I have successfully configured an LDAPS binding between Cisco ISE and Google LDAPS (available with Cloud Identity Premium) and I can retrieve users and groups (needed custom schema settings). I were able to do that only by using a linux server with stunnel to proxy the connection.

Is there a chance to connect to Google LDAPS directly from Cisco ISE? what it seems to be the issue is the lack of support for LDAP authentication via certificate as it is a Google LDAPS requirement.

Thank you!

giovanni.augusto · ‎01-14-2021

Additionally I have been working on creating an authorization flow that would match group membership from Google LDAP after fetching the username from a user certificate where the CN is the email of the user.

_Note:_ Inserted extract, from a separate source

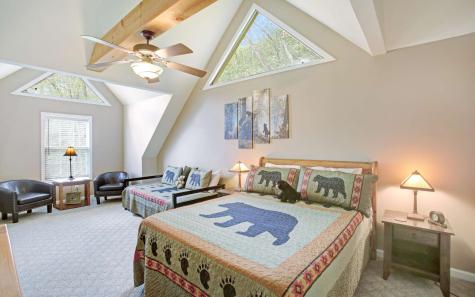 2102 Pooh Corner Hiawassee GA 30546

So far I have been unable to get the External LDAP groups.

Thinking it was a problem with subject format, I tried with a dummy PAP authentication against Google LDAP identity store and I could authenticate, retrieve extra attributes but no way I could retrieve group membership.

Also I tried by adding "memberOf" as an additional attribute in the LDAP connector in ISE and when I can process the authentication with PAP I can also retrieve data from these attributes but in Wireless EAP-TLS there is no chance to go through the authentication flow (no binary comparison available for certs since Google LDAP host no user certificate...) and so I cannot retrieve any attribute to use in the authorization flow.

Long story, was anyone able to make this work or has any suggestion?